My architectural case-study is the East London housing estate Robin Hood Gardens (1972), which was refused heritage listing in 2009 and 2015 and is currently being demolished as part of a regeneration scheme. Reportage drawing started as a communication tool, bridging linguistic and cultural gaps between myself and the resident community of Bangladeshi social tenants, the subjects of my drawings.

Later the drawings acted as relics of the events I had witnessed.

Reportage drawing allowed me an intimate understanding of the architects, the Smithsons’ ethical concept of the ‘as found’ that had been central to their designs for the estate. My experiences of the lived time of the estate informed and inspired my archival, historical research on the remembered past and imagined future of the estate which in turn reflected back on my continuing on site illustration research and linked those to events in my own life too. The resulting book-objects allow the reader to experience the complexities of the temporal, spatial and visual relation between the different sites of my research.

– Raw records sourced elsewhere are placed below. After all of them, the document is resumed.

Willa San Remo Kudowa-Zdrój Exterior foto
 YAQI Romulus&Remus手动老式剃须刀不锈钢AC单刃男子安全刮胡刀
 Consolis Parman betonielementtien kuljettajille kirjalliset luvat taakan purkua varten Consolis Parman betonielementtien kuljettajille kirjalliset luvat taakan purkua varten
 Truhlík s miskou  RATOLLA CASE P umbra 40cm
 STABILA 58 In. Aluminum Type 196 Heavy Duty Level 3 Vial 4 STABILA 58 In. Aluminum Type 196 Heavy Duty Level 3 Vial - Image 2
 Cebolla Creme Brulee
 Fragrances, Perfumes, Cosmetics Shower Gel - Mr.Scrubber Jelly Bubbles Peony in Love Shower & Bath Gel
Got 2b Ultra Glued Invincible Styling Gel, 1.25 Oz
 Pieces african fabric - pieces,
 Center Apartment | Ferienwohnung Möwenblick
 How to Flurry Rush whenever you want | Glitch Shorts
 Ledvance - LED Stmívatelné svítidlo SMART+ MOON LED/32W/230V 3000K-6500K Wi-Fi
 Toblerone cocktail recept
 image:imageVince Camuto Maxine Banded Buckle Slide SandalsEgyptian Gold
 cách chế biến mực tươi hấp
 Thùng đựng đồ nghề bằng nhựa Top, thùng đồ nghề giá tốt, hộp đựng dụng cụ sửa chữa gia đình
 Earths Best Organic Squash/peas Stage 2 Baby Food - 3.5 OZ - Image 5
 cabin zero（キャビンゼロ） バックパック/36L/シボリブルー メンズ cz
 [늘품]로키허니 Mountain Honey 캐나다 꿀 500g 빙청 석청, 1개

Judit Ferencz is an illustrator and architectural researcher. She completed a PhD in Architectural Design at The Bartlett in 2023 where her research was funded by the RIBA LKE Ozolins studentship. Judit’s doctoral thesis, the case study of which was Robin Hood Gardens, developed a critical and creative methodology for the conservation of architectural heritage via her practice of reportage drawing. Judit’s illustrations had been published by Granta and Random House. Judit has taught illustration at City Lit, The Cass and the University of Nottingham. The book Practicing Ethics with Judit’s illustrations and her chapter on reportage drawing is forthcoming from UCL Press.